T.P.S. Chawla, J.
(1) This second appeal under the Delhi Rent Control Act, 1958 raises an intricate question as to the validity of a notice to quit. An order for recovery of possession has been made by the Additional Rent Controller and confirmed by the Rent Control Tribunal. The notice to quit was of 15 days. The tenant contends that as the lease was for 'manufacturing purposes' the notice ought to have been of six months. There was no written lease deed executed by the parties; at least, none has been brought on record.
(2) The only other fact that need be mentioned is that for the few months that rent was paid, the payments were monthly. This is proved by the counterfoil of a receipt signed by the tenant. It shows that Rs. 400 was paid as rent for November, 1966. Admittedly, nothing was paid thereafter. The order for recovery of possession was sought and obtained on the ground that arrears of rent had not been paid since 1st December, 1966. In the course of the proceedings before the Additional Rent Controller, the defense of the tenant was struck out as he did not deposit the arrears of rent pursuant to an order under section 15(1) of the Act. That is why no argument has been advanced on the merits, and only the validity of the notice to quit has been questioned.

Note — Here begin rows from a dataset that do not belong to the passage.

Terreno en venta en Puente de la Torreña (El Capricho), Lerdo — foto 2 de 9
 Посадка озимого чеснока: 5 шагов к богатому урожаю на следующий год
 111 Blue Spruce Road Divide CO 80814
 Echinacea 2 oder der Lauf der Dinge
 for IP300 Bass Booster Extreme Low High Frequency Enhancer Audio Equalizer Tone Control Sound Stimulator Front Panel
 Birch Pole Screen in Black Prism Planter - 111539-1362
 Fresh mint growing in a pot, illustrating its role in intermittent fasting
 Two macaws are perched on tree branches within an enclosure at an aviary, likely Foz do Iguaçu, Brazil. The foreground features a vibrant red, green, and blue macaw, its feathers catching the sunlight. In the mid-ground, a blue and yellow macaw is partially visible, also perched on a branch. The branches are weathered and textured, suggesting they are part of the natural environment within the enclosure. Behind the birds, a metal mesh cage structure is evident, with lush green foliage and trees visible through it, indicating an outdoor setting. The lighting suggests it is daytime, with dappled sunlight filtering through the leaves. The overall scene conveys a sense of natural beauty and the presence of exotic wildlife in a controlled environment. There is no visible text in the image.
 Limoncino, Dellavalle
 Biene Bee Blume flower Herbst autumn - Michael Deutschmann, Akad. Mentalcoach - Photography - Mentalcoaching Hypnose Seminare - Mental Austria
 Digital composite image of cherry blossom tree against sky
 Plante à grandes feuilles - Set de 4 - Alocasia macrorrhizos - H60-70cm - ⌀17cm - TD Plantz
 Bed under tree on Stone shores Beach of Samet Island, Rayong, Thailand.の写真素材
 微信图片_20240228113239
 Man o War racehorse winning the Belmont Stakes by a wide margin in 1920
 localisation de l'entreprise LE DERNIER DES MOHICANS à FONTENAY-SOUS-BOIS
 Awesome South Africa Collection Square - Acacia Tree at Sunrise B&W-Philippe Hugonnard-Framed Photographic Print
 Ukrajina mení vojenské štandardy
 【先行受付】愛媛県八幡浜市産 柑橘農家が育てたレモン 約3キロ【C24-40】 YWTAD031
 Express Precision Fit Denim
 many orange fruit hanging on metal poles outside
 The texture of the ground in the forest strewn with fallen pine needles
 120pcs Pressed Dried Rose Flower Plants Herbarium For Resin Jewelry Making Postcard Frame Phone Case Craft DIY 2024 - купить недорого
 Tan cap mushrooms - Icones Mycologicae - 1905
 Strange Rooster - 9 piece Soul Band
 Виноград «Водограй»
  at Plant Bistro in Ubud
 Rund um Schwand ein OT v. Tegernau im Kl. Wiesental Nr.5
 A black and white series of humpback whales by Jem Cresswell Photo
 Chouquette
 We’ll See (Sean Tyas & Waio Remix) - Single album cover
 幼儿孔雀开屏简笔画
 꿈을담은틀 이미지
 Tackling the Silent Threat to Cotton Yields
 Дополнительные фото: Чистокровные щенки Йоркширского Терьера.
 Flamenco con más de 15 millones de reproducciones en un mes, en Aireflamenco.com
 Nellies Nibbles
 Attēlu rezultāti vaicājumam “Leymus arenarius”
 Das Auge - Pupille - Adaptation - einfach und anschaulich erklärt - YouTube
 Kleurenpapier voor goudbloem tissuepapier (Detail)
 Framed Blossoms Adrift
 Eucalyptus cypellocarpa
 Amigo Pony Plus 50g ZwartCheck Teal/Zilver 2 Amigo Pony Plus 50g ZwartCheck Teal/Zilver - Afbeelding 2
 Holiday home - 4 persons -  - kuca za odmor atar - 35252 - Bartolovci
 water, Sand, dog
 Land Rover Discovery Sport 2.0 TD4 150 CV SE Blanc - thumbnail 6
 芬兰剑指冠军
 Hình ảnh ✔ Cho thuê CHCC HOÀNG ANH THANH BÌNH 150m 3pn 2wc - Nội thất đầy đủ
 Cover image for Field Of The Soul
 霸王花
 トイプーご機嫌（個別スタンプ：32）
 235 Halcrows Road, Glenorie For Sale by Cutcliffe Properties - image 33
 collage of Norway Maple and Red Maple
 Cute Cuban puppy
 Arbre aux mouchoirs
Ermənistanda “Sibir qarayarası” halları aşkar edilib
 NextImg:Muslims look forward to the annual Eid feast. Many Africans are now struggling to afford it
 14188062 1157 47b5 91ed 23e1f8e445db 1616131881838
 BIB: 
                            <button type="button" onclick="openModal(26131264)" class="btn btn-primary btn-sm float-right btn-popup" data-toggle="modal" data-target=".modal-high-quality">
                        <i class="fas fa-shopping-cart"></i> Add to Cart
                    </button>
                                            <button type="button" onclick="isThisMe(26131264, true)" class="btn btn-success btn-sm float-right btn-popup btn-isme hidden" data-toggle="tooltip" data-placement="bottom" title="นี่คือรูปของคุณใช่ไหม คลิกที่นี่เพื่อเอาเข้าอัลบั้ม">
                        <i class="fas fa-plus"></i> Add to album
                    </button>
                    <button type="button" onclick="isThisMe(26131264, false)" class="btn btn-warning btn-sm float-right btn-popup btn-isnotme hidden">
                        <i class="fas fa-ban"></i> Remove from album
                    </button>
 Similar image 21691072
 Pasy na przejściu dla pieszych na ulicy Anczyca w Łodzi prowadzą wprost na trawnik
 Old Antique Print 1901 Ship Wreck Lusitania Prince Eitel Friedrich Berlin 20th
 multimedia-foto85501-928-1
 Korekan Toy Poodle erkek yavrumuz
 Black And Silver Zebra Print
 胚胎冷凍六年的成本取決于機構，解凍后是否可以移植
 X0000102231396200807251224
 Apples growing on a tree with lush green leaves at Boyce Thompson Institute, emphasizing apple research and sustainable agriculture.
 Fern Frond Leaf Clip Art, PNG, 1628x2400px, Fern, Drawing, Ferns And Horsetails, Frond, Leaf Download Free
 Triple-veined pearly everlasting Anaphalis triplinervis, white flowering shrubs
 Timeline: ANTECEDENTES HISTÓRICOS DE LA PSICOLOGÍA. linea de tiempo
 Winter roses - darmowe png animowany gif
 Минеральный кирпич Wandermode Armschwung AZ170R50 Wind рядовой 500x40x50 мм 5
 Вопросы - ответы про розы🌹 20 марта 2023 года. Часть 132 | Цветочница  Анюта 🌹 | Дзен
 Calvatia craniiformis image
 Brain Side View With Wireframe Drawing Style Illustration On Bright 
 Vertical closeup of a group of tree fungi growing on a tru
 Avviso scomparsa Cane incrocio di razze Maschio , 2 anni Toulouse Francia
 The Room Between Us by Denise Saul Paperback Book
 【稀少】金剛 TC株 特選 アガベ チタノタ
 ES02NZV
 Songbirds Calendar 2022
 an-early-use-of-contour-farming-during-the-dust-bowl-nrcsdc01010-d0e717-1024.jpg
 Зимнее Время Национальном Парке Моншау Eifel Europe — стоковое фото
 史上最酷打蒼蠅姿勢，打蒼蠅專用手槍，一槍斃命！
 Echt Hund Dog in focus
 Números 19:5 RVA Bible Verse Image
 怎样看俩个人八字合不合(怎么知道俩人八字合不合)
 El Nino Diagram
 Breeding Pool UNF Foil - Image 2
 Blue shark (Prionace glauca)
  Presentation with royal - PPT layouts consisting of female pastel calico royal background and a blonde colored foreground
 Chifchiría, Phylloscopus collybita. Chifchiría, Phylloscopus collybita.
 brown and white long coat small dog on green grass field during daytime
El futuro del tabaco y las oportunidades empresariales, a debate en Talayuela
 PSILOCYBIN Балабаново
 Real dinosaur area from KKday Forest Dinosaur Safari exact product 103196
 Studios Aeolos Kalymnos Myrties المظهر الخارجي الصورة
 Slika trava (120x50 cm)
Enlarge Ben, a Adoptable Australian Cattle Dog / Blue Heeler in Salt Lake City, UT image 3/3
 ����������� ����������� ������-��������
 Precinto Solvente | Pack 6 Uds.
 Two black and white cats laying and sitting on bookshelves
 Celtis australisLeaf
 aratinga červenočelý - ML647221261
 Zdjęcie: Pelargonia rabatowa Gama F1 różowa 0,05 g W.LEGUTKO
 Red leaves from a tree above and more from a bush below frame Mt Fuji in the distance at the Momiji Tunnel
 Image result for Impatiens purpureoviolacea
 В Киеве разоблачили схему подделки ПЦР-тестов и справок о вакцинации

(3) The orders made below are not concurrent as to whether the lease was for a manufacturing purpose. The Additional Rent Controller held that such a purpose was neither alleged nor proved. But, the Rent Control Tribunal seems to have inferred that the premises were let for a manufacturing purpose from the fact that they were so used. Without so deciding, I will proceed on the assumption that the lease was for a manufacturing purpose. The problem is to reconcile section 106 and section 107 of the Transfer of Property Act, 1882. Logically, section 107 should be read first because it states how leases are made, whereas section 106 prescribes by fiction the duration of various kinds of leases In the absence of a contract or local law or usage to the contrary'.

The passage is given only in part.